**What is needed**. Using the records below, reproduce exactly the lines from the one containing "tables-a-manger-8-chaises-o28-small-3" through the end, and nothing more; skip the images.

[Records from a data source]
+++++
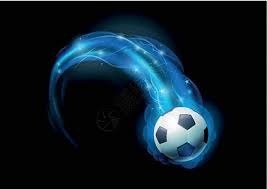 ACT为骨，库洛想用《鸣潮》定义“开放世界动作游戏”？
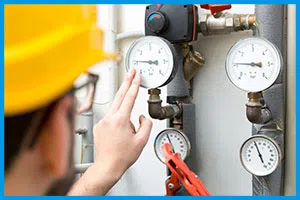 Fort Lauderdale AC Expert Fort Lauderdale, FL 954-320-7117 Fort Lauderdale AC Expert Fort Lauderdale, FL 954-320-7117 - sid-air-ac-17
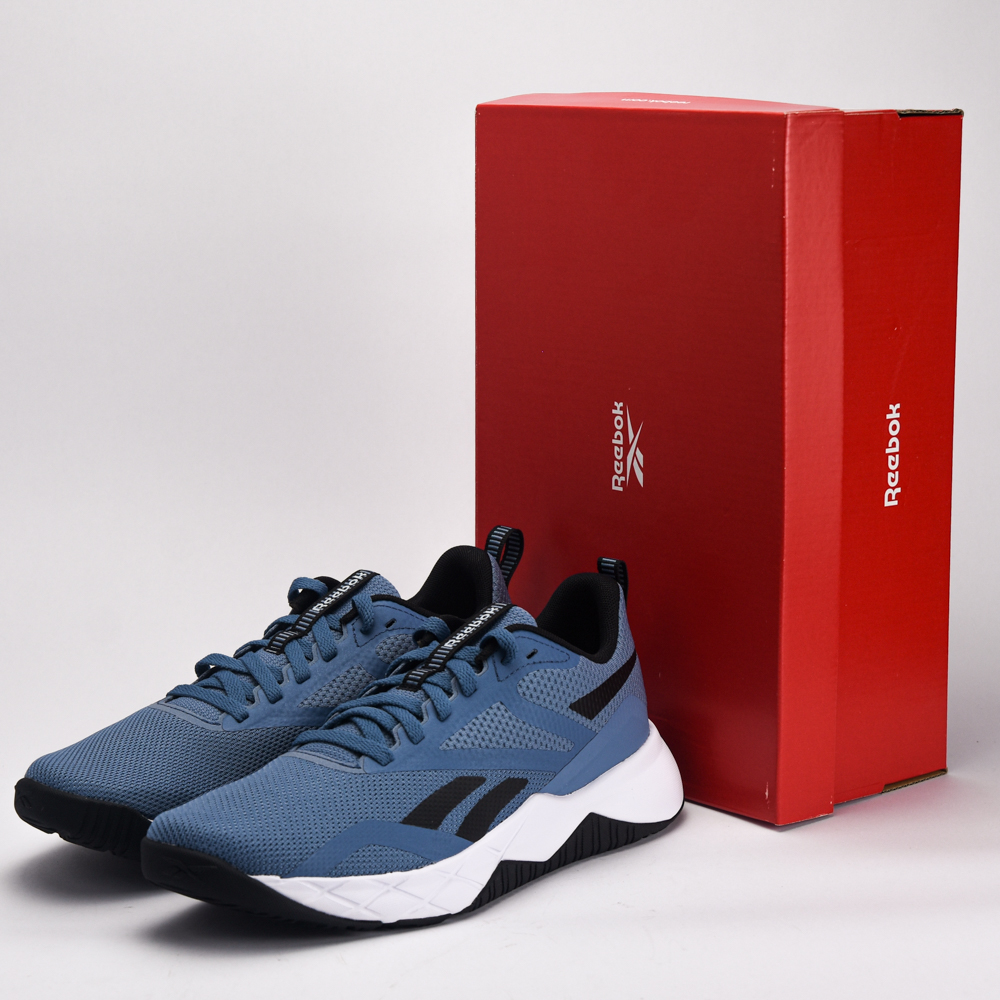 REEBOK NFX TRAINER - Image 6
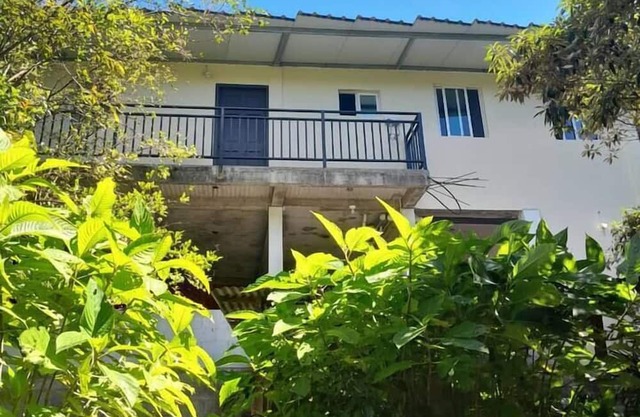 Country House near Parque Balboa “Casa de Campo”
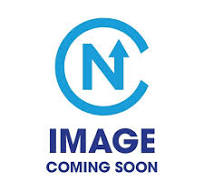 Allen-Bradley 1606-XLE120E 120 W Power Supply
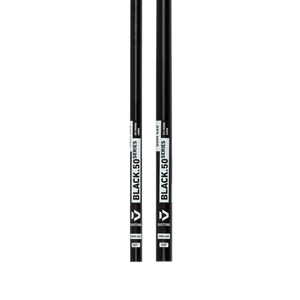 Duotone Black.50 Series 2024  Masts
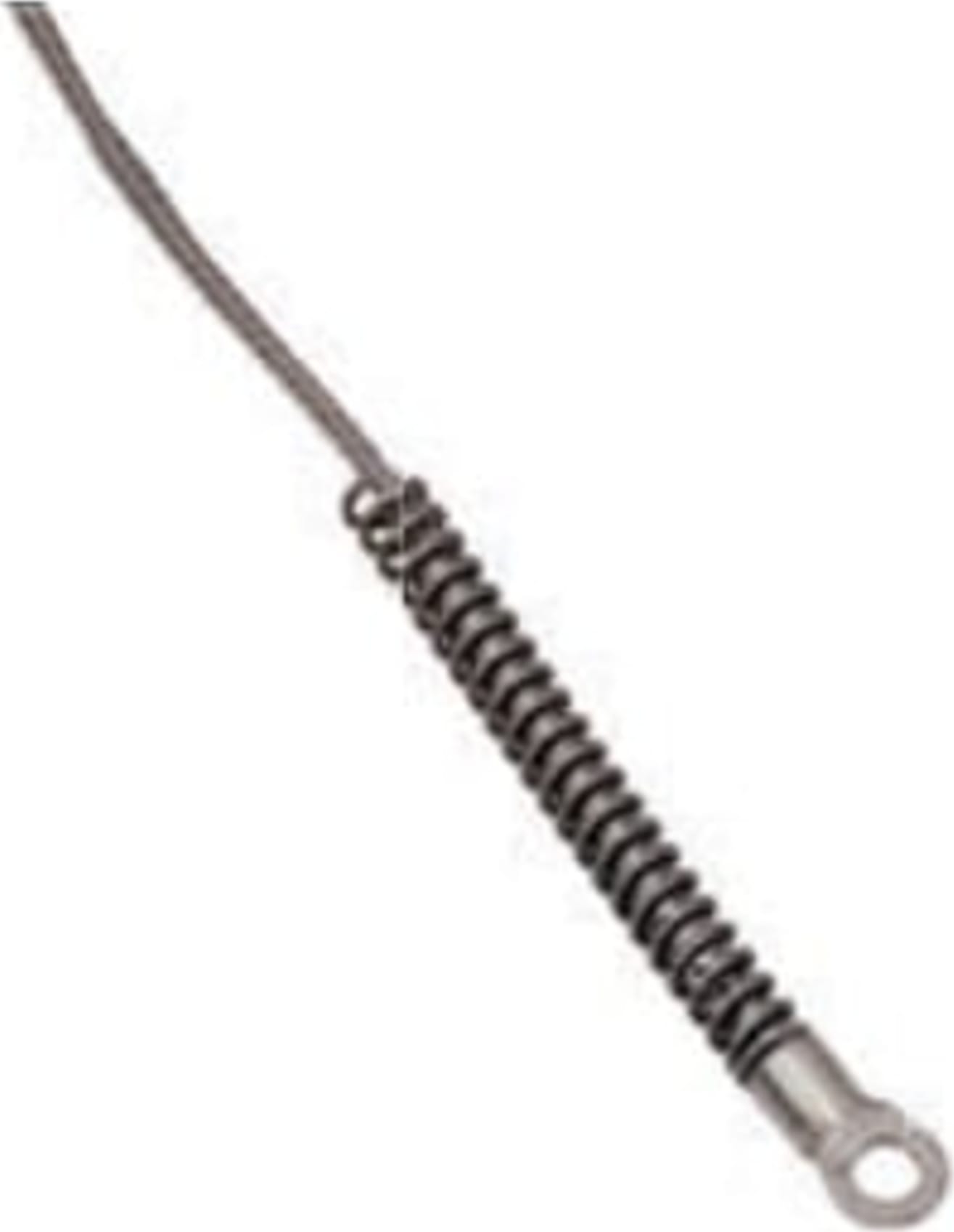 DeFelsko PRBOTLW6 Main Image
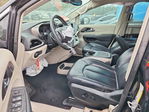 Chrysler Pacifica 2023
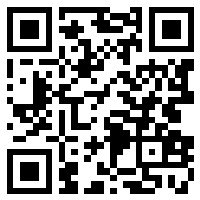 QR Code for dash:XexGQ1wkfPWwAVXMtuoUUWhP29msKJ4MSJ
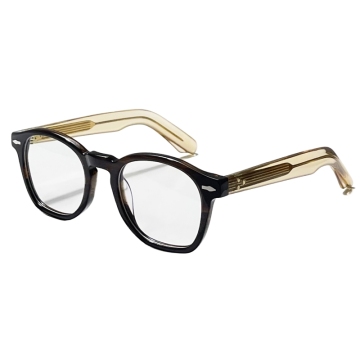 Veetus Square Frame: Latest Stylish Designer Optical Acetate Eyeglasses Frames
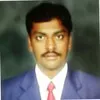 venkatesan govindaswamy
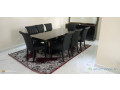 tables-a-manger-8-chaises-o28-small-3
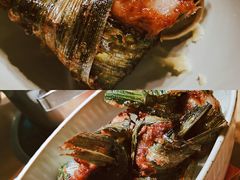 -生如夏花泰式火锅(西村黑金店)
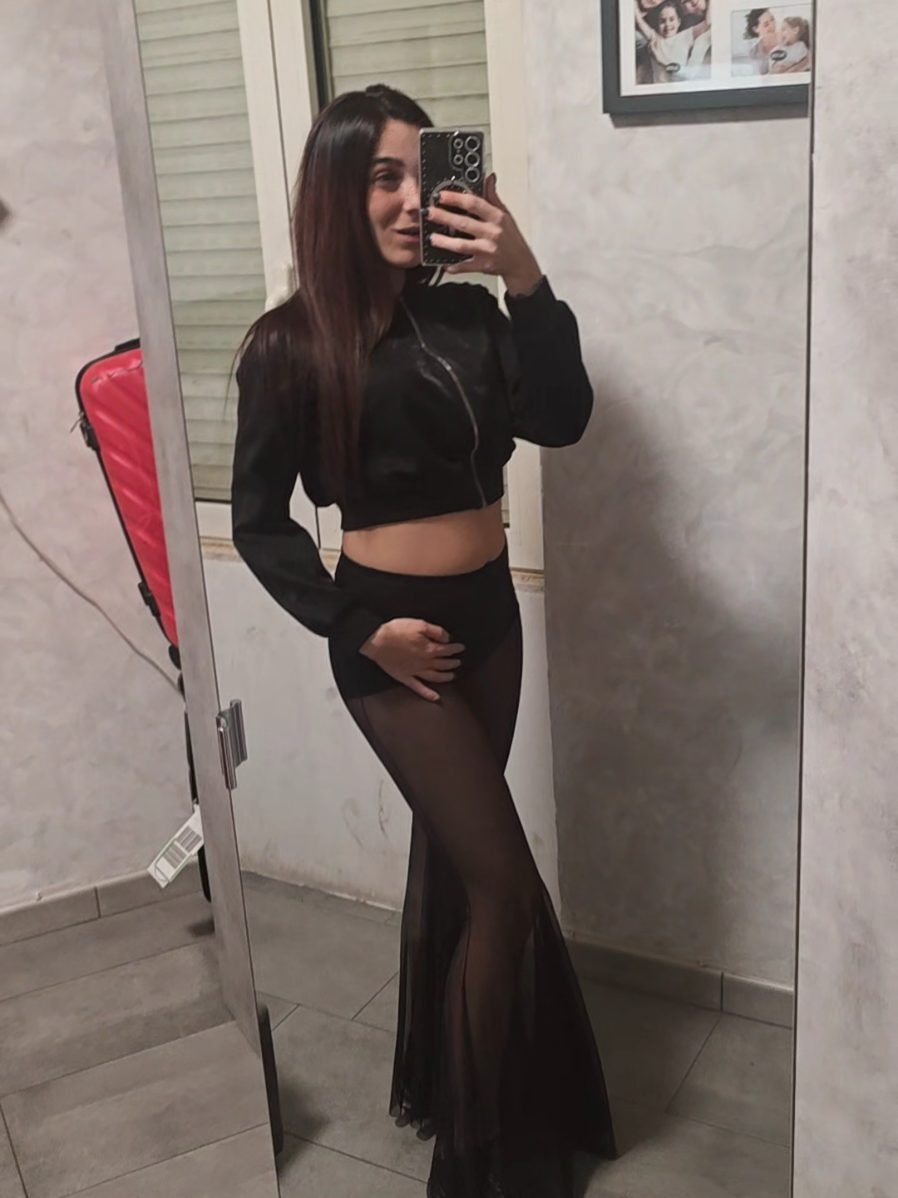 @silviet2222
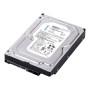 Lenovo 500GB 3Gb/s SATA 7200 3.5 64MB Hard Drive for ProLiant DL360p Gen8 Servers - 0A8947002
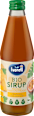 Bio Ananas-Passionsfrucht Sirup Ivorell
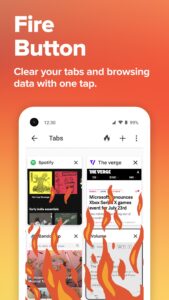 DuckDuckGo APK For Android Download Latest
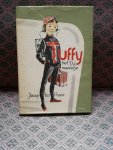 Haar, Jaap ter - Tuffy, het televisiemannetje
+++++
**Solution to the problem**.
 tables-a-manger-8-chaises-o28-small-3
 -生如夏花泰式火锅(西村黑金店)
 @silviet2222
 Lenovo 500GB 3Gb/s SATA 7200 3.5 64MB Hard Drive for ProLiant DL360p Gen8 Servers - 0A8947002
 Bio Ananas-Passionsfrucht Sirup Ivorell
 DuckDuckGo APK For Android Download Latest
 Haar, Jaap ter - Tuffy, het televisiemannetje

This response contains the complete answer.